Data excerpts →
__________________________________________________

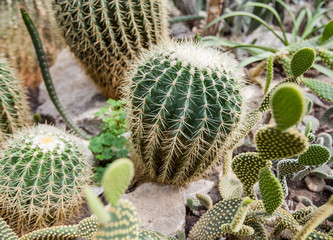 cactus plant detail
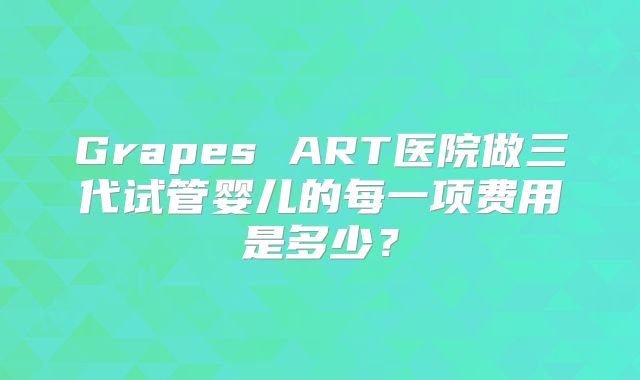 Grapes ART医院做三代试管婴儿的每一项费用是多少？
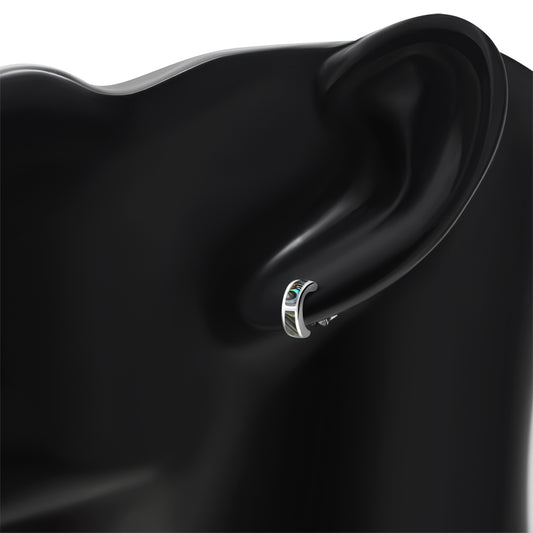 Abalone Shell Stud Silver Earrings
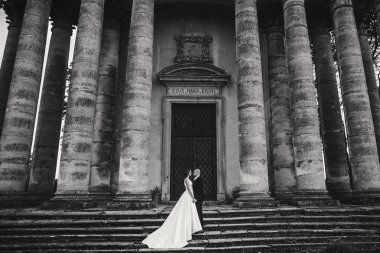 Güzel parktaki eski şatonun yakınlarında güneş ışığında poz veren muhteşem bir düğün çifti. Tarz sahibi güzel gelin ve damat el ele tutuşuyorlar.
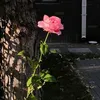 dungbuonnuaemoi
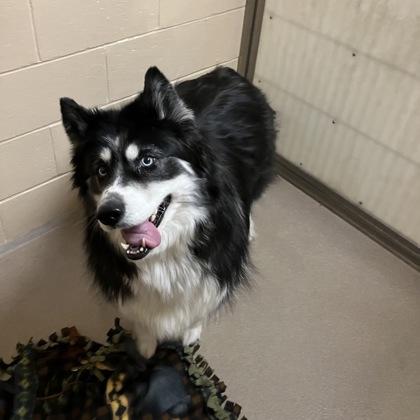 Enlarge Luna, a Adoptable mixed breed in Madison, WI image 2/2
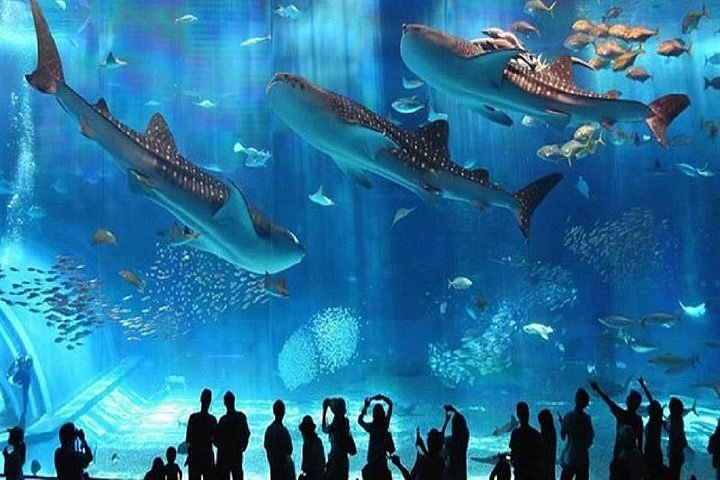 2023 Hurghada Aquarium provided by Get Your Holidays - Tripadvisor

__________________________________________________

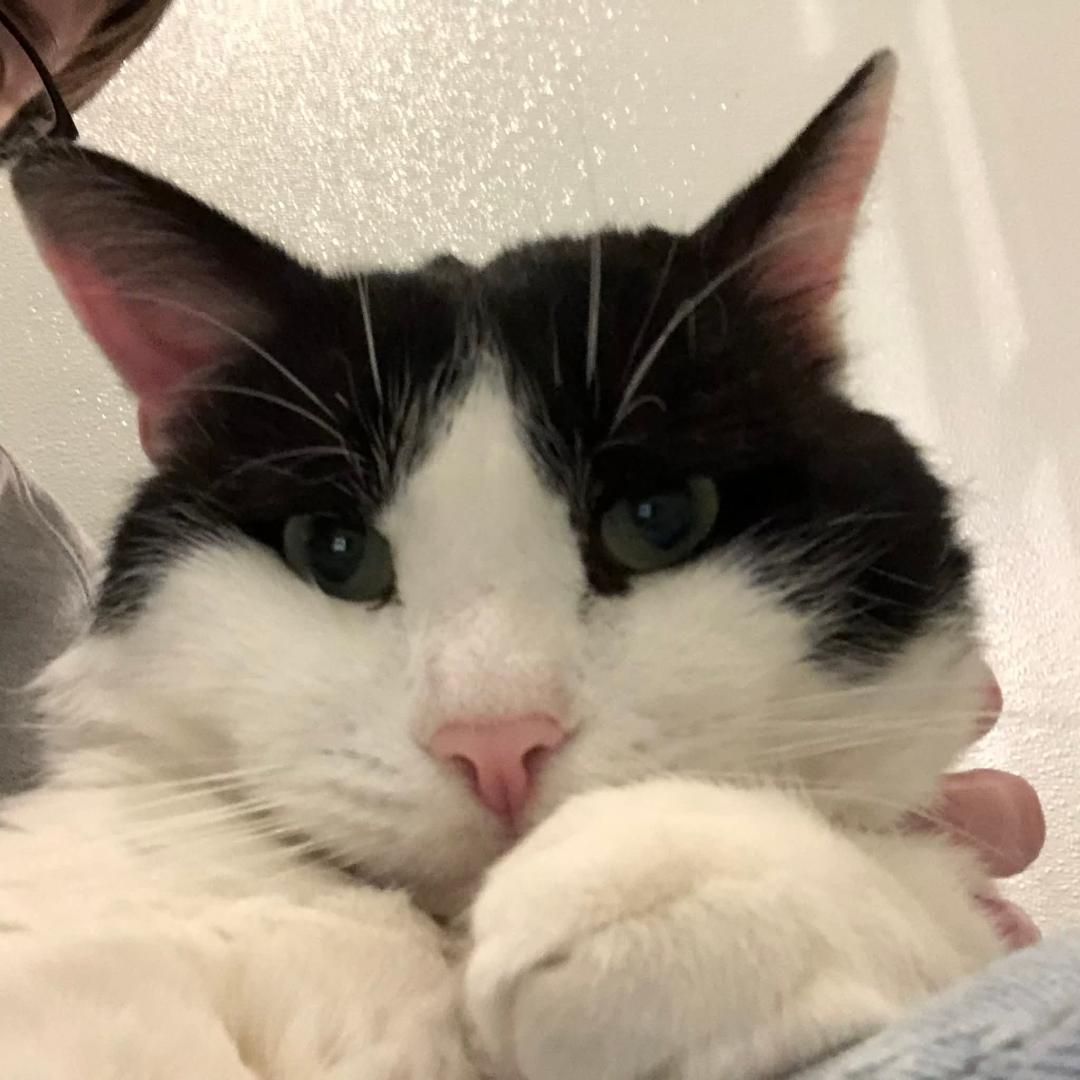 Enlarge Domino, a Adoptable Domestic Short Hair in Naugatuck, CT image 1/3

__________________________________________________

Instructions to follow → Return exactly the lines above, from the one with "Grapes ART医院做三代试管婴儿的每一项费用是多少？" up to and including the one with "2023 Hurghada Aquarium", and include no pictures.

Result of the exercise →
 Grapes ART医院做三代试管婴儿的每一项费用是多少？
 Abalone Shell Stud Silver Earrings
 Güzel parktaki eski şatonun yakınlarında güneş ışığında poz veren muhteşem bir düğün çifti. Tarz sahibi güzel gelin ve damat el ele tutuşuyorlar.
 dungbuonnuaemoi
 Enlarge Luna, a Adoptable mixed breed in Madison, WI image 2/2
 2023 Hurghada Aquarium provided by Get Your Holidays - Tripadvisor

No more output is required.